Traveling Boy

Charles and Ray created over one hundred and twenty-five short films during their careers, often to present a concept to a client like IBM, explain an idea, or educate about history. Topics were as eclectic as the two designers: furniture (Fiberglass Chairs), science (Powers of Ten), the environment (National Fisheries Center and Aquarium), mathematics (Mathematics Peep Shows), art (Cézanne), technology (Cable: The Immediate Future), and the lifestyles of different nations (Banana Leaf). 

A frame from Traveling Boy, by Charles and Ray Eames. © Eames Office, LLC.

However, the most frequently explored subject of Eames films was toys. The 1969 film Tops is a celebration of top-making and spinning, featuring one hundred and twenty-three different tops set in motion to the accompaniment of a score by Elmer Bernstein. Polavision Vignettes: Kites was an instructional video for kite building. And, while several Eames films featured toys as a subject, others used toys as actors. For example, the 1957 film Toccata for Toy Trains, and the 1952 film Parade, employed a cast of toys starring in live-action narratives.

Traveling Boy, completed in 1950, has the distinction of being Charles and Ray’s first film. Like Toccata and ParadeTraveling Boy uses toys as central characters to tell a story: a Japanese windup toy with a suitcase encounters other windup toys and objects along his journey. It co-starred an assortment of toys from around the world that the Eameses had on hand and toys found in local shops and Chinatowns across the country. Photos and posters from Charles’s circus photography and drawings created by Saul Steinberg served as the backdrops for the various colorful scenes.

A frame from Traveling Boy, by Charles and Ray Eames. © Eames Office, LLC.

Traveling Boy contains no musical score, defining it as relatively unique in the Eames film library. The Eames Office later collaborated with various composers to score their films. It also has no narration, but the story of a young person’s first solo adventure feels straightforward.

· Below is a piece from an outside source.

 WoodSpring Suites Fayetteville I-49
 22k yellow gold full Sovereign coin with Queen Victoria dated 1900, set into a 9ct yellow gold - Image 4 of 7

While less expensive than human actors, using windup toys did not always make the process easier. According to the Eames Office staff, rehearsals tended to go smoothly, but when filming began, toys (particularly windup toys) would frequently malfunction. However, working through problems seemed an essential rite of passage for the young, budding filmmakers.

A frame from Traveling Boy, by Charles and Ray Eames. © Eames Office, LLC.

As an amateur filmmaker, it was imperative to Charles that he learned the skills in a very hands-on way. Two years after Traveling Boy, Charles shot the 1952 film Blacktop using a hand-held 16mm Cine-Special camera. This camera does not allow the operator to view the subject directly through the lens, making the cinematography difficult for an amateur. Additionally, it was the first time Charles edited a film using dissolves to transition scenes. With Toccata, he used colored pencils to color code strong and weak beats on the music tape, so visually and rhythmically, he knew how to edit the film.

A frame from Traveling Boy, by Charles and Ray Eames. © Eames Office, LLC.

Charles and Ray’s decision to make Traveling Boy was simple. Friend and screenwriter Philip Dunne had loaned them his 16mm movie projector, and they set off to create a film with no budget. This rented camera did not have a close-up lens, which would have been vital for a tabletop-film starring toys. Charles improvised with a makeshift extension ring he created from cardboard, allowing him to shoot close-ups by recalculating the exposures. He also devised a rewind system using plywood and wooden dowels to hold the film reels while he cut and edited the film. Eames Office staff members provided voluntary help and the outcome was a 12-minute fictional film and plenty of learning experiences.

A frame from Traveling Boy, by Charles and Ray Eames. © Eames Office, LLC.

Three different end scenes were filmed for Traveling Boy, and surprisingly, Charles and Ray never selected the final ending. The film was not shown publicly during Charles and Ray’s lifetimes, but instead screened for audiences of friends and staff. The outcome of this project was more than a 12-minute fictional film—its lessons helped grow Charles and Ray from curious amateurs into experienced filmmakers.